What you will do: Write down each of the records again, exactly and in full.

Given information:
'''
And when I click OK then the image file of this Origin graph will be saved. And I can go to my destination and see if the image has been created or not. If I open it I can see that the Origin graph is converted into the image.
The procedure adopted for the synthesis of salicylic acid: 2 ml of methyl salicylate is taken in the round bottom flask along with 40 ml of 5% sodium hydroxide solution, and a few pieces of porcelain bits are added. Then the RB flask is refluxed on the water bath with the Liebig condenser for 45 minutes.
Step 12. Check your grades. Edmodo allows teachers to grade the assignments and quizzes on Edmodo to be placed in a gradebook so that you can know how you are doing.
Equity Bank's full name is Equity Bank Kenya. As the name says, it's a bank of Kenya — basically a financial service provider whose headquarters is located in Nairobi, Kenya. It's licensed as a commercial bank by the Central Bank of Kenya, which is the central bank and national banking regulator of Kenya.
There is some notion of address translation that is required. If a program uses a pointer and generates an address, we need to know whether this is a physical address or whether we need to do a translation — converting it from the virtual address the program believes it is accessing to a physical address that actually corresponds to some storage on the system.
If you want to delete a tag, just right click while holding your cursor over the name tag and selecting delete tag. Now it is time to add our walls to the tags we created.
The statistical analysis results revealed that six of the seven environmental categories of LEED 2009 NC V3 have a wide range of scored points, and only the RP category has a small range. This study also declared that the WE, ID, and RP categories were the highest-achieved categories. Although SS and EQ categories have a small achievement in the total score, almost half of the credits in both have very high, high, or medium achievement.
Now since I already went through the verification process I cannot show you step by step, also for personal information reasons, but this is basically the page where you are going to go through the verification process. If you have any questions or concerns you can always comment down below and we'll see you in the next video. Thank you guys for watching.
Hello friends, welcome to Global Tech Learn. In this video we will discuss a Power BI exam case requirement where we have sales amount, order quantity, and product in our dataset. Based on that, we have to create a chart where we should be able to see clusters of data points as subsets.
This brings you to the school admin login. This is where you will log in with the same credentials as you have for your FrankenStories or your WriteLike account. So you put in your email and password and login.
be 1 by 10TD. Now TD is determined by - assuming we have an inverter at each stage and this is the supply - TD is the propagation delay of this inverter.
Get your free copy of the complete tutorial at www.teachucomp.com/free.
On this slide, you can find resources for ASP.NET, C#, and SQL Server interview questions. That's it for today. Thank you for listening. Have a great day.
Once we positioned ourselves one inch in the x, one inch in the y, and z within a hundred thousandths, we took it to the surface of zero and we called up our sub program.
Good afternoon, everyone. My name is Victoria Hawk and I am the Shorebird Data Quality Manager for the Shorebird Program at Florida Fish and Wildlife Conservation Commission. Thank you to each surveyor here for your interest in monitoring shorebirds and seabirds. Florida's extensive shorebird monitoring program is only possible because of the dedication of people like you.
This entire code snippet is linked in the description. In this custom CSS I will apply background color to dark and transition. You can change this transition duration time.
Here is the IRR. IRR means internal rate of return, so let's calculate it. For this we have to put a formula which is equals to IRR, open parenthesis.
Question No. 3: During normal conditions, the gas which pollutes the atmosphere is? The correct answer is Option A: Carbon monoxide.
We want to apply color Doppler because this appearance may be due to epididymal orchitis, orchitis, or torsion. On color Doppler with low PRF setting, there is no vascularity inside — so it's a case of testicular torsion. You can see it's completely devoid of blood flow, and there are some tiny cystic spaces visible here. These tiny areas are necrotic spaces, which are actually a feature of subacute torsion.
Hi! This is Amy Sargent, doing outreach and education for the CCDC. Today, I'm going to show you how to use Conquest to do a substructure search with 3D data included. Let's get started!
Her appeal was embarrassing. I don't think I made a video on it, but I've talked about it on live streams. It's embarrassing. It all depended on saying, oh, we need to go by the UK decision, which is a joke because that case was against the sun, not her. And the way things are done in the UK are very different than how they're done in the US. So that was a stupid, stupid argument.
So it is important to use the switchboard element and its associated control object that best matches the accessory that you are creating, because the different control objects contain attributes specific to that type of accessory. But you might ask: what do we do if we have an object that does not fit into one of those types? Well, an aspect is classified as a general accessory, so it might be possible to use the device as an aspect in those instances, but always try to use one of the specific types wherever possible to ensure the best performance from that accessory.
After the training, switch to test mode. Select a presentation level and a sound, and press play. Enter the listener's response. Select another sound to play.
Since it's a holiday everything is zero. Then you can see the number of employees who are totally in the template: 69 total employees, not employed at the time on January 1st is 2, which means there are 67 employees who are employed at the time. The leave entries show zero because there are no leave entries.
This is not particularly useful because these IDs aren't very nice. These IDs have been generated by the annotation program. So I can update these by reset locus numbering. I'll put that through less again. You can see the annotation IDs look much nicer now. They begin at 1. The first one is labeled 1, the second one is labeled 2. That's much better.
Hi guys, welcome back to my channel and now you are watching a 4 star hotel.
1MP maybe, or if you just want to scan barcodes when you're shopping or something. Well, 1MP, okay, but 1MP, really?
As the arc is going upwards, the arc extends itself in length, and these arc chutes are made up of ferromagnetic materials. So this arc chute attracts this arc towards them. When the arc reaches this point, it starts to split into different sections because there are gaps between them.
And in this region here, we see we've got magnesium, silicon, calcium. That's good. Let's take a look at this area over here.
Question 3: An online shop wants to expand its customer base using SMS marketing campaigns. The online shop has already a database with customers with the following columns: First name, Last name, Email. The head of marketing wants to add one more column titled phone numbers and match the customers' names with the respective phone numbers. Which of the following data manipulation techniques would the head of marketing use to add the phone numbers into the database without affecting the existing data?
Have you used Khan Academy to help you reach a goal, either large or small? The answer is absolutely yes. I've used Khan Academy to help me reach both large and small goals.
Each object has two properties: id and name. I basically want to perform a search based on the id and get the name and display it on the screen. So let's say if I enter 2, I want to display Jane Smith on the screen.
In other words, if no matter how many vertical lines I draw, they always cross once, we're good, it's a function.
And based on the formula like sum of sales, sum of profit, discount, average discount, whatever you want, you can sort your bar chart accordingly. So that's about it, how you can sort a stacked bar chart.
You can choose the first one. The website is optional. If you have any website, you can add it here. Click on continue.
'''
Response for this exercise:
And when I click OK then the image file of this Origin graph will be saved. And I can go to my destination and see if the image has been created or not. If I open it I can see that the Origin graph is converted into the image.
The procedure adopted for the synthesis of salicylic acid: 2 ml of methyl salicylate is taken in the round bottom flask along with 40 ml of 5% sodium hydroxide solution, and a few pieces of porcelain bits are added. Then the RB flask is refluxed on the water bath with the Liebig condenser for 45 minutes.
Step 12. Check your grades. Edmodo allows teachers to grade the assignments and quizzes on Edmodo to be placed in a gradebook so that you can know how you are doing.
Equity Bank's full name is Equity Bank Kenya. As the name says, it's a bank of Kenya — basically a financial service provider whose headquarters is located in Nairobi, Kenya. It's licensed as a commercial bank by the Central Bank of Kenya, which is the central bank and national banking regulator of Kenya.
There is some notion of address translation that is required. If a program uses a pointer and generates an address, we need to know whether this is a physical address or whether we need to do a translation — converting it from the virtual address the program believes it is accessing to a physical address that actually corresponds to some storage on the system.
If you want to delete a tag, just right click while holding your cursor over the name tag and selecting delete tag. Now it is time to add our walls to the tags we created.
The statistical analysis results revealed that six of the seven environmental categories of LEED 2009 NC V3 have a wide range of scored points, and only the RP category has a small range. This study also declared that the WE, ID, and RP categories were the highest-achieved categories. Although SS and EQ categories have a small achievement in the total score, almost half of the credits in both have very high, high, or medium achievement.
Now since I already went through the verification process I cannot show you step by step, also for personal information reasons, but this is basically the page where you are going to go through the verification process. If you have any questions or concerns you can always comment down below and we'll see you in the next video. Thank you guys for watching.
Hello friends, welcome to Global Tech Learn. In this video we will discuss a Power BI exam case requirement where we have sales amount, order quantity, and product in our dataset. Based on that, we have to create a chart where we should be able to see clusters of data points as subsets.
This brings you to the school admin login. This is where you will log in with the same credentials as you have for your FrankenStories or your WriteLike account. So you put in your email and password and login.
be 1 by 10TD. Now TD is determined by - assuming we have an inverter at each stage and this is the supply - TD is the propagation delay of this inverter.
Get your free copy of the complete tutorial at www.teachucomp.com/free.
On this slide, you can find resources for ASP.NET, C#, and SQL Server interview questions. That's it for today. Thank you for listening. Have a great day.
Once we positioned ourselves one inch in the x, one inch in the y, and z within a hundred thousandths, we took it to the surface of zero and we called up our sub program.
Good afternoon, everyone. My name is Victoria Hawk and I am the Shorebird Data Quality Manager for the Shorebird Program at Florida Fish and Wildlife Conservation Commission. Thank you to each surveyor here for your interest in monitoring shorebirds and seabirds. Florida's extensive shorebird monitoring program is only possible because of the dedication of people like you.
This entire code snippet is linked in the description. In this custom CSS I will apply background color to dark and transition. You can change this transition duration time.
Here is the IRR. IRR means internal rate of return, so let's calculate it. For this we have to put a formula which is equals to IRR, open parenthesis.
Question No. 3: During normal conditions, the gas which pollutes the atmosphere is? The correct answer is Option A: Carbon monoxide.
We want to apply color Doppler because this appearance may be due to epididymal orchitis, orchitis, or torsion. On color Doppler with low PRF setting, there is no vascularity inside — so it's a case of testicular torsion. You can see it's completely devoid of blood flow, and there are some tiny cystic spaces visible here. These tiny areas are necrotic spaces, which are actually a feature of subacute torsion.
Hi! This is Amy Sargent, doing outreach and education for the CCDC. Today, I'm going to show you how to use Conquest to do a substructure search with 3D data included. Let's get started!
Her appeal was embarrassing. I don't think I made a video on it, but I've talked about it on live streams. It's embarrassing. It all depended on saying, oh, we need to go by the UK decision, which is a joke because that case was against the sun, not her. And the way things are done in the UK are very different than how they're done in the US. So that was a stupid, stupid argument.
So it is important to use the switchboard element and its associated control object that best matches the accessory that you are creating, because the different control objects contain attributes specific to that type of accessory. But you might ask: what do we do if we have an object that does not fit into one of those types? Well, an aspect is classified as a general accessory, so it might be possible to use the device as an aspect in those instances, but always try to use one of the specific types wherever possible to ensure the best performance from that accessory.
After the training, switch to test mode. Select a presentation level and a sound, and press play. Enter the listener's response. Select another sound to play.
Since it's a holiday everything is zero. Then you can see the number of employees who are totally in the template: 69 total employees, not employed at the time on January 1st is 2, which means there are 67 employees who are employed at the time. The leave entries show zero because there are no leave entries.
This is not particularly useful because these IDs aren't very nice. These IDs have been generated by the annotation program. So I can update these by reset locus numbering. I'll put that through less again. You can see the annotation IDs look much nicer now. They begin at 1. The first one is labeled 1, the second one is labeled 2. That's much better.
Hi guys, welcome back to my channel and now you are watching a 4 star hotel.
1MP maybe, or if you just want to scan barcodes when you're shopping or something. Well, 1MP, okay, but 1MP, really?
As the arc is going upwards, the arc extends itself in length, and these arc chutes are made up of ferromagnetic materials. So this arc chute attracts this arc towards them. When the arc reaches this point, it starts to split into different sections because there are gaps between them.
And in this region here, we see we've got magnesium, silicon, calcium. That's good. Let's take a look at this area over here.
Question 3: An online shop wants to expand its customer base using SMS marketing campaigns. The online shop has already a database with customers with the following columns: First name, Last name, Email. The head of marketing wants to add one more column titled phone numbers and match the customers' names with the respective phone numbers. Which of the following data manipulation techniques would the head of marketing use to add the phone numbers into the database without affecting the existing data?
Have you used Khan Academy to help you reach a goal, either large or small? The answer is absolutely yes. I've used Khan Academy to help me reach both large and small goals.
Each object has two properties: id and name. I basically want to perform a search based on the id and get the name and display it on the screen. So let's say if I enter 2, I want to display Jane Smith on the screen.
In other words, if no matter how many vertical lines I draw, they always cross once, we're good, it's a function.
And based on the formula like sum of sales, sum of profit, discount, average discount, whatever you want, you can sort your bar chart accordingly. So that's about it, how you can sort a stacked bar chart.
You can choose the first one. The website is optional. If you have any website, you can add it here. Click on continue.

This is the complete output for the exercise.